Progress report – Little to no progress to report

Filed under: geekery,wordsmithery — Tags: , , , , — lexifab @ 1:27 pm

In a shameless attempt to make sure that the entire month of June doesn’t pass without a blog entry, I will crank out a short progress report which only lightly touches on the status of the novel manuscript.

Because reasons, that’s why.

Status of the novel manuscript – It’s still going, albeit slowly. I’ve stalled a bit at the 50,000 word mark, having reached the point where the decision not to do any serious worldbuilding before I started has run aground on the lack of world. Er, so to speak. The external world, being little-defined, is exerting a sad lack of pressure on my isolated team of characters, which means I’m filling out an awful lot of word count with exposition and somewhat artificial interpersonal conflict. I have a suspicion that whole chapters in this area may disappear in the editing process. But not until after I finish the draft, dammit!

Short stories – Out of frustration with the slow progress on the novel, I’ve gone back to a couple of short stories to finish them off. “Burn the Future”, my “Hogwarts versus Aliens” story (not my description, but embarrassingly apt when someone proposed it) is now done and off on submission. “Unacceptable Losses” (aka “Golems versus Werewolves”, which *is* my shorthand description) was part-written in March when I dropped everything to start work on the novel. It has about another 1000 words left to be written, so I figured I would just knock them off as fast as possible so I can get to editing the piece.

Rejectomancy – So with the submission of BtF yesterday, I’m up to 31 submissions for the year with zero (I counted twice) acceptances. Ho hum. A couple of the pieces are on second readings at their respective venues, so they may well be in with a chance. And I have had some very encouraging “Good but not right for us” – type rejection letters, which is better than nothing.

One piece which has now gone out 21 times altogether is pretty much on its last possible sub, in that I’ve really just run out of markets to try to sell a 9000-word fantasy story to.  If it gets rejected again, which I’m expecting, I’ll reluctantly retire it and plonk it up here so everyone can point and laugh and wonder what got into me.

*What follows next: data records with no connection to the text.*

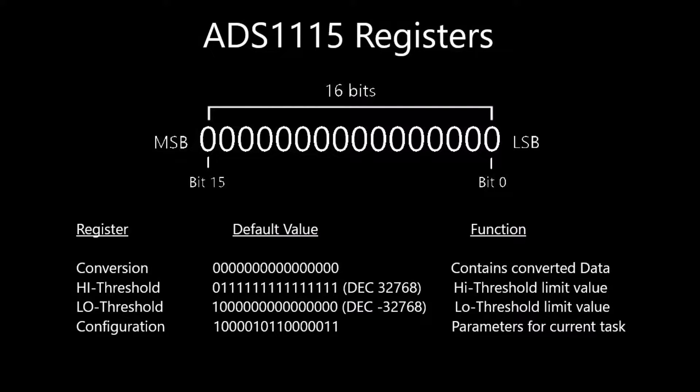A negative number only occurs when measuring the difference between two different inputs. Next we have the high-low thresholds, which can be programmed with an upper and lower value that determines when the alert ready pin should be activated. The configuration register contains the parameters in which the ADS 1115 operates. Each bit sets an option that instructs the ADC on the current task. The ADC will continue with its current instructions until they are changed, the ADC is power cycled, or it is reset.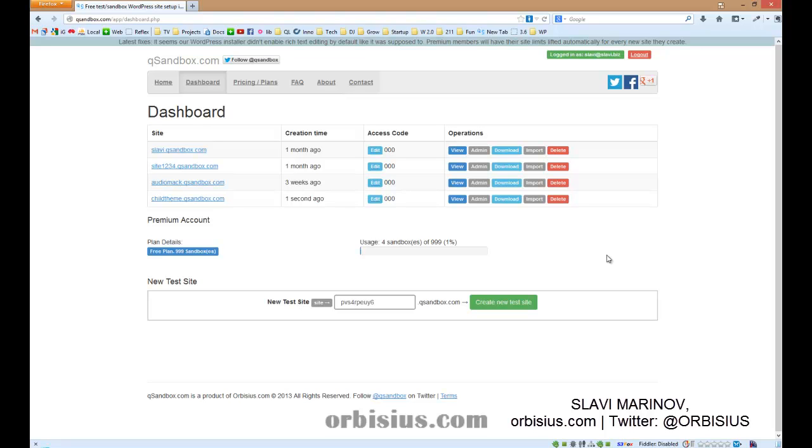Hello, my name is Slavi Marinov. In this video I'm going to demonstrate and review a plugin called OneClickChildTheme.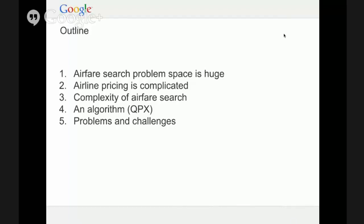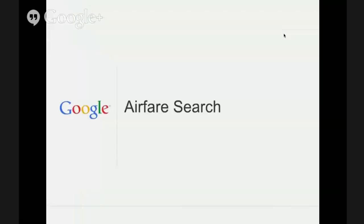Here at Google, we have an algorithm called QPX that tries to make sense of this complexity and give you efficient answers to your queries. And I'll finish up with some outline of the problems and challenges we face right now or expect to face, depending on how regulations in the airline industry change. There are regulation changes in place which might make life a little bit more difficult than it already is for us.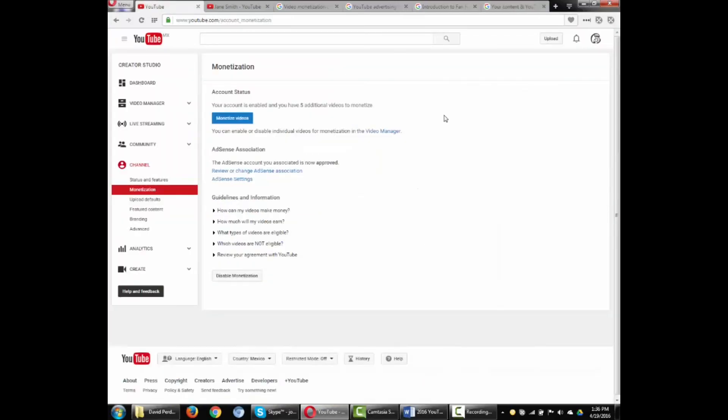The hard work is done. By monetizing our videos we have created a passive income stream. In the next video I'll look at linking an AdSense account to access that revenue and using YouTube analytics to tweak our videos for a greater return. Thanks for watching!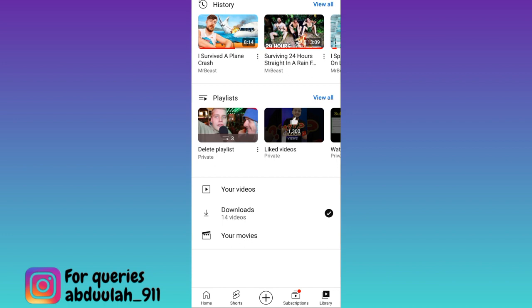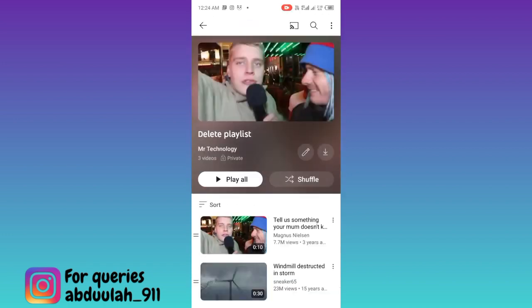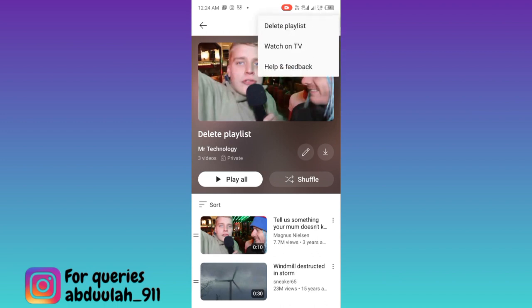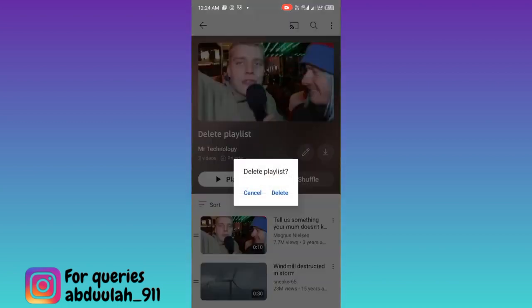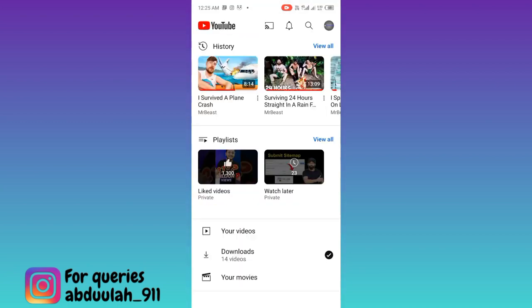Now here you will see your playlist, so open the playlist that you want to delete. Then click on these three dots at the top right corner of your screen and tap on this delete playlist option, click on delete and that's it. In this way, you can delete playlist on YouTube.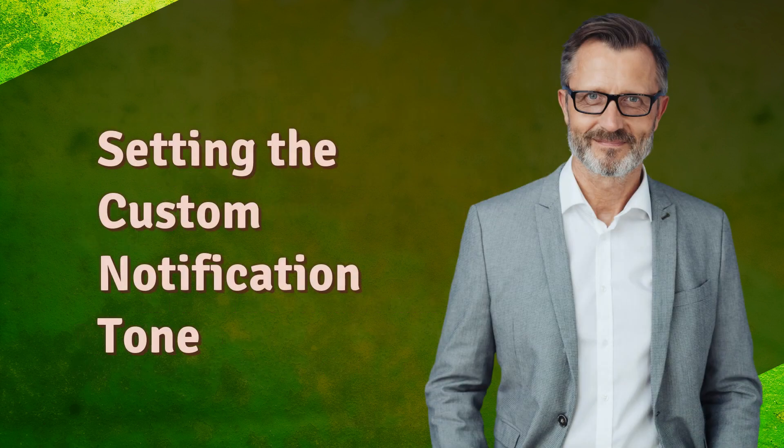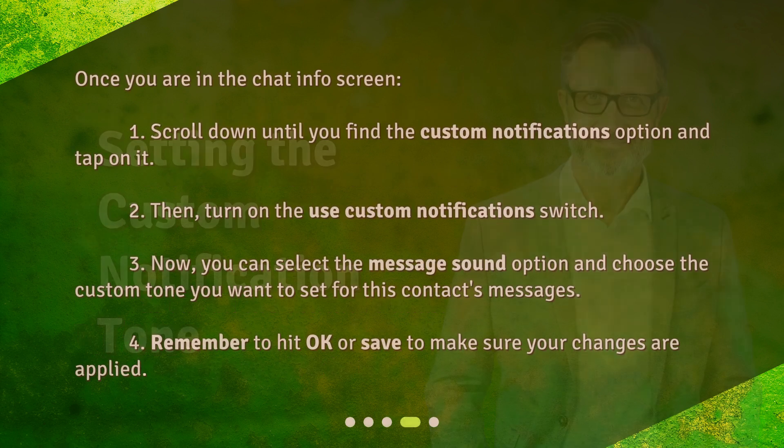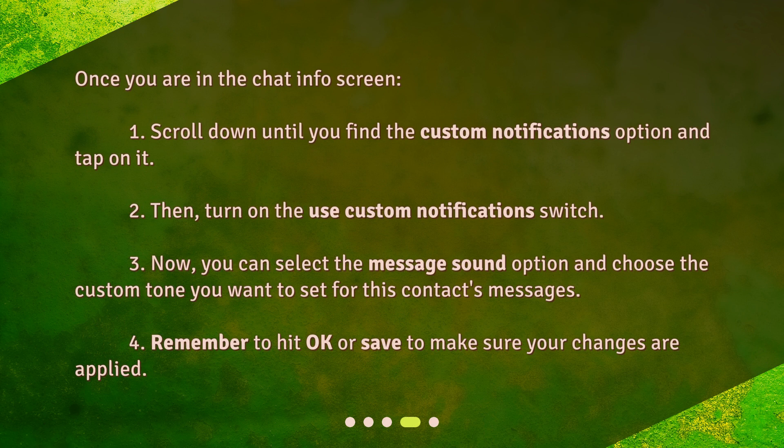Setting the custom notification tone. Once you are in the chat info screen, scroll down until you find the custom notifications option and tap on it. Then turn on the use custom notifications switch. Now you can select the message sound option and choose the custom tone you want to set for this contact's messages. Remember to hit OK or save to make sure your changes are applied.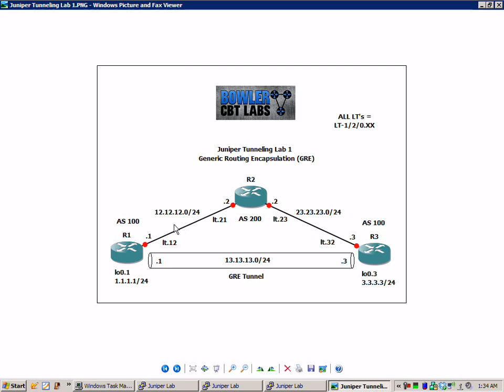Router 1 has a loopback 0.1 interface that we're going to configure and we're going to assign that the 1 network. Same with router 3, it's going to have a loopback 0.3 and we're going to assign router 3 the 3 network.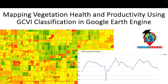Hello everyone, welcome to the Study Hacks Institute of GIS and Remote Sensing. Today I will discuss a very important topic — how we can easily create the Green Chlorophyll Vegetation Index and how we can easily monitor vegetation health and productivity using Google Earth Engine. I hope you enjoy this full tutorial, and I will explain all details step by step so you can easily apply the Green Chlorophyll Vegetation Index.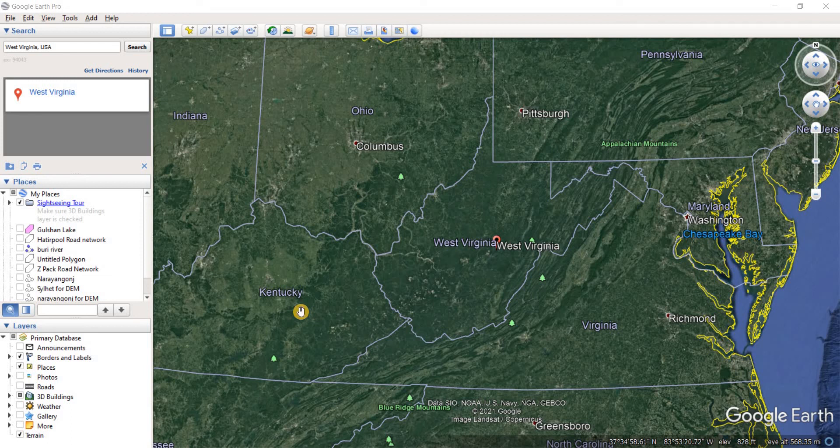From this video, we're going to be making a digital elevation model, or DEM in short, which is a raster file that contains the elevation of a certain place.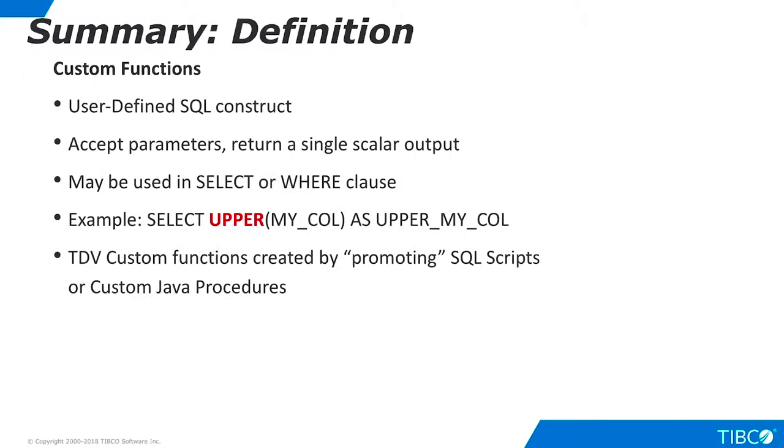Let's summarize what we have seen in this tutorial. SQL functions are programming constructs that accept one or more parameters and return a single scalar output. Functions may be used in SELECT or WHERE clauses. SQL developers are familiar with standard SQL functions such as the upper function shown in the example here. TDV developers can define custom functions that may be used in similar ways. TDV developers can create custom functions from any SQL script or custom Java procedure that returns a single scalar output.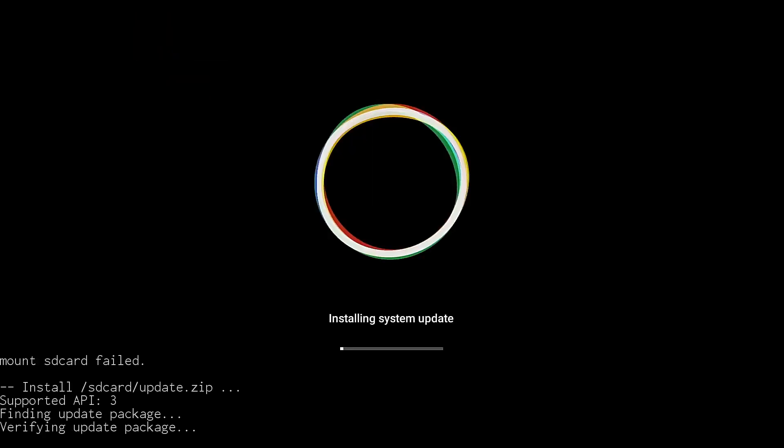Now you will see it says mount SD card failed. And that's why we choose the update.zip file. And now we're just going to let this go through the installation process. This could take a little while. Just let it sit here until it has booted back to your Android TV launcher.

Or I’ll add another seventy thousand words to it and convert it to a novel, maybe.


And in other news, I saw Inside Out, the new Pixar movie yesterday, about which I have two observations:

1) I reckon I learned more about neurosychology in that ninety minutes than I got in an entire year of first-year Psych at uni; and

2) I do a lot of quiet sobbing in Pixar movies.

It’s good. You should go sob – I mean, see it.